Looking back at those times when he was alive and talking to me, I now realise I was being initiated into the world of words and their meanings and the origin of them all – the scriptures – when he was explaining the involvement of Cain and Abel in ostensibly the first homicide that took place in a temple between the altar and the house in the Old Testament. In common parlance, this realm of scriptures is the world of the occult where the layman is welcome only at his own peril. With no assurance of a fit burial that would secure a decent afterlife, not many faithful, including ordinary apostates, would venture. But it doesn’t matter, for a dead body is just a dead body, savam as opposed to sivam, as Panakal used to say.

 

For those who are still reading this without having an inkling of who Lucifer is: Lucifer is Satan, the worst conceivable demon, the supreme devil, the personification of evil, the originator of lies, deceit and fraud, and if there is anything worse than that, that too. It is difficult to conjure Lucifer in a world of grey, for he has devised a grey camouflage around him, virtually like James Bond’s car in ‘Die Another Day’, projecting the landscape behind the car on the viewing side, making it indiscernible.

 

Lucifer stands between the gods and you, and pretends to be the ultimate god. While blending himself thus in the environment, Lucifer projects the aura of the gods behind him on his viewing side. Lucifer falsely claims to be the supreme god and that is his fault or sin for which he is destined to fall like the shooting star, for he too is subject to gravity. “How art thou fallen from heaven, O Lucifer, son of the morning! how art thou cut down to the ground, …” Isaiah 14:12. (King James Version)

 

Typically, the scenario offers a challenge for the human hero to identify the wolf amongst the sheep, or the devil amongst the gods, the proverbial pretender. The devil is so well camouflaged in a spiritual blend that it is difficult to detect the fangs, horns and the tail. It is not supposed to be easy to identify the universal devil, for he pretends to be God, the perfection of goodness. Who is the devil who claims and pretends to be the only true god and sows so much evil on this earth? Who is the god who claims to have intervened in history by falling like a shooting star? Who is the fallen god called Lucifer in real life?

 

The publication of Panakal’s thesis ‘Jesus = Lucifer = The Devil’ was released in 1988 in his own journal ‘Insight’ in Kochi, Kerala, India.
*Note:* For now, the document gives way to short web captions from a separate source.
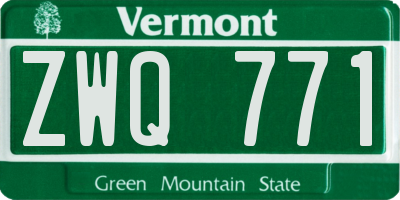 VT license plate ZWQ771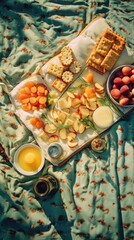 Sticker - A tray of fruit, crackers, and crackers on a picnic blanket. Generative AI.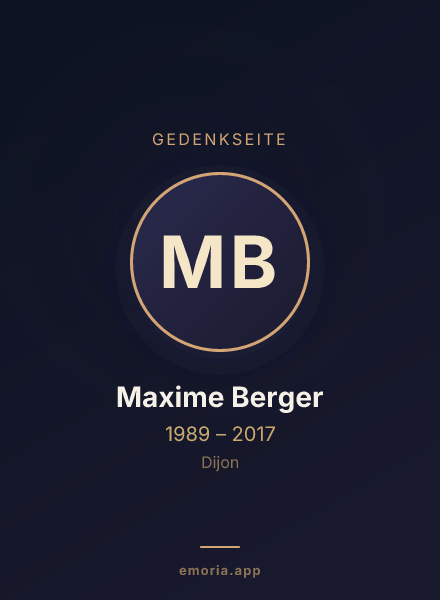 Gedenkportrait von Maxime Berger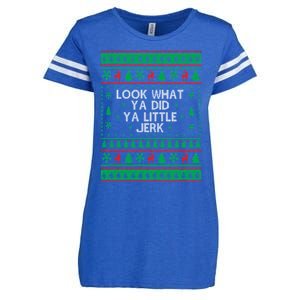 Look What Ya Did Ya Little Jerk Ugly Christmas Enza Ladies Jersey Football T-Shirt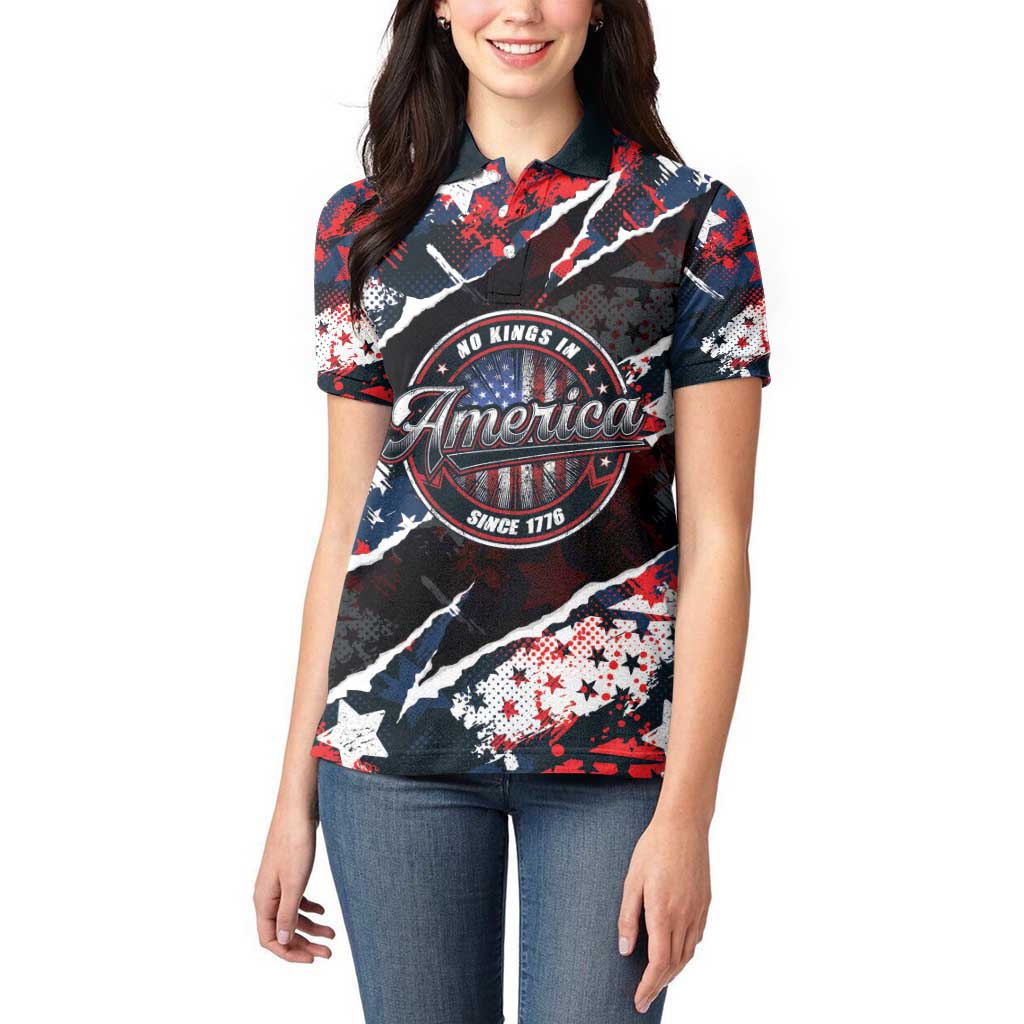 No Kings In America Since 1776 Women Polo Shirt Grunge Style - Wonder Print Shop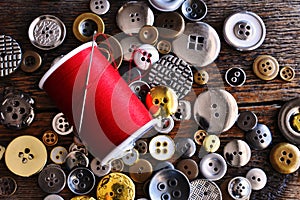 Old Vintage Buttons and Red Thread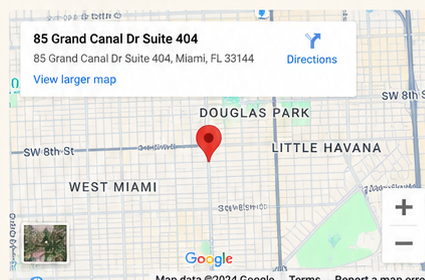 Map showing OG Rehabilitation Center at 85 Grand Canal Dr Suite 404 in Miami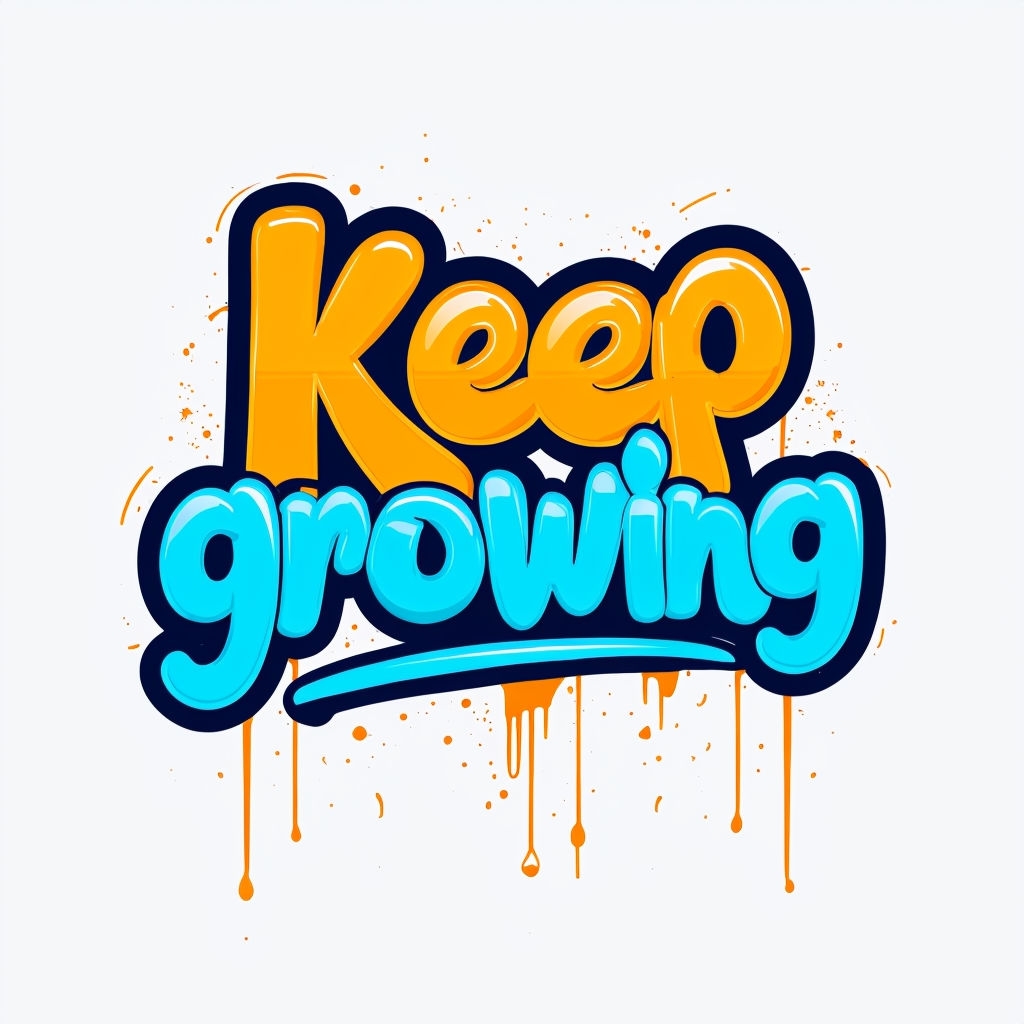 Vibrant Graffiti 'Keep Growing' Motivational Design Mug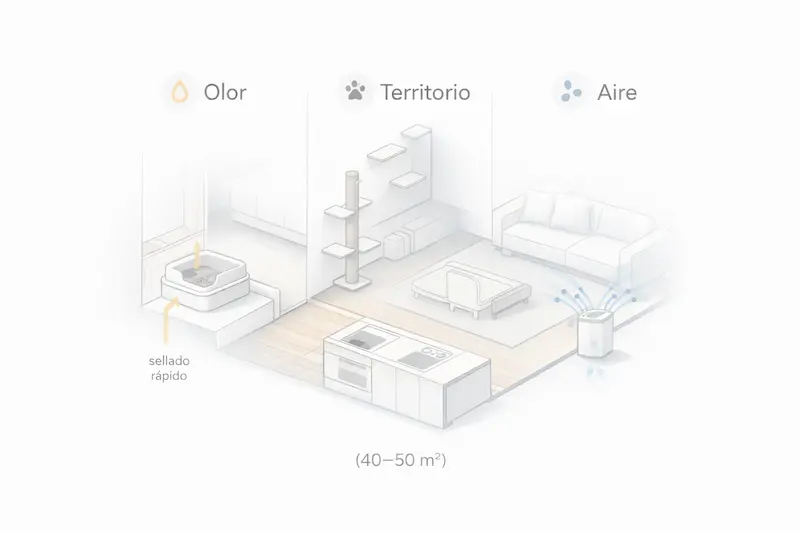 Protocolo 40–50 m² para relajar gatos: olor, territorio vertical y aire limpio en piso pequeño
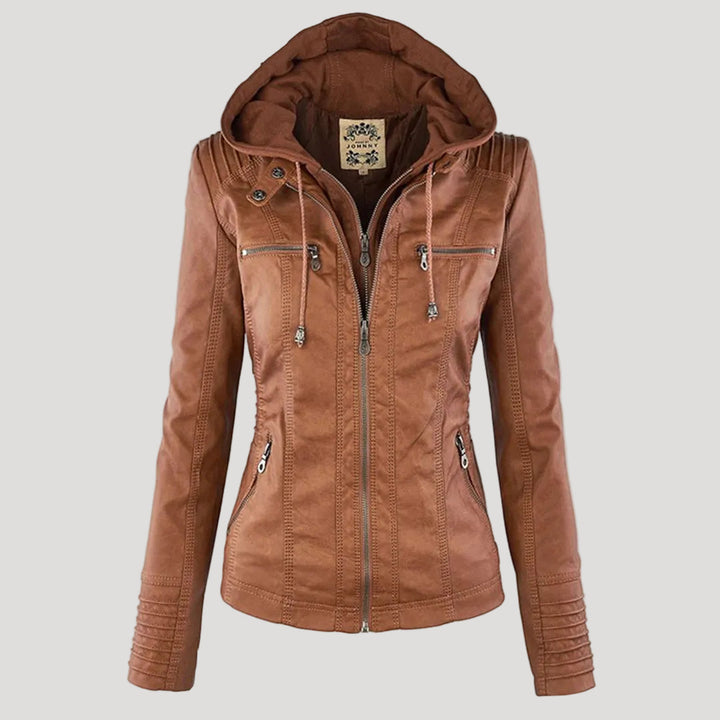 | Padded Faux Leather Jacket for Women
Established in 1971, Panakal’s journal ‘Insight’ was originally a mouthpiece of Traditionalist Catholics, funded by one of his brothers who was a priest in the US. ‘Insight’ came to a stop in 1974, when his research on a Hindu god on behalf of and for Traditionalist Catholics ended in a brief but painful personal disaster for Panakal and his immediate family. He had to be treated for schizophrenia for about six months. He confided in me years later that the commission he couldn’t accomplish for his sponsors was to prove that historically Krishna was a plagiarisation of Jesus Christ by the Hindus, which endeavour, however, enabled him a thorough and deep look at Hindu thought and literature.

 

The resurrection of ‘Insight’ came almost a decade after its lapse into non-existence. In the meantime after he recuperated from his illness with great suffering for himself, his wife and little sons, and started working for CNS and later for RNS, clawing back into reality, accepting its vagaries and imperfections in one stride. He became obsessed with Hindu scriptures, taught himself to read Sanskrit and discussed philosophically relevant issues with visitors, including those who came merely to see him and hear what he had to say and share his tea. The incredulous findings of Panakal’s interrupted research that got encapsulated in their title equation popped like a bombshell one fine morning in early 1986, more than a decade after he fell ill. He stopped his journalistic work and quit pot smoking completely and concentrated on his thesis. It took another two years for it to be published, but these years and their aftermath were a period of intense struggle for Leo Panakal and his family.

 

It was not so much the apostasy that characterised the headline of the reborn journal, but the utter incredulity of the statement that stopped people in their stride and forced them to swallow their tongues rather than challenge it. It was easy for most of his relatives and acquaintances (for friends were scarce) to regard him as a mad man from whom the ultimate in madness could be expected. Many of his ‘faithful’ visitors stopped their visits, but there were scores of new ones popping in, among them foreign tourists, to sample the exotic eccentric of Fort Cochin. Lucifer’s fall, Panakal said to all and sundry, is history and we are supposed to become aware of it only after Lucifer’s self-assured guarantee period of 2000 years was over.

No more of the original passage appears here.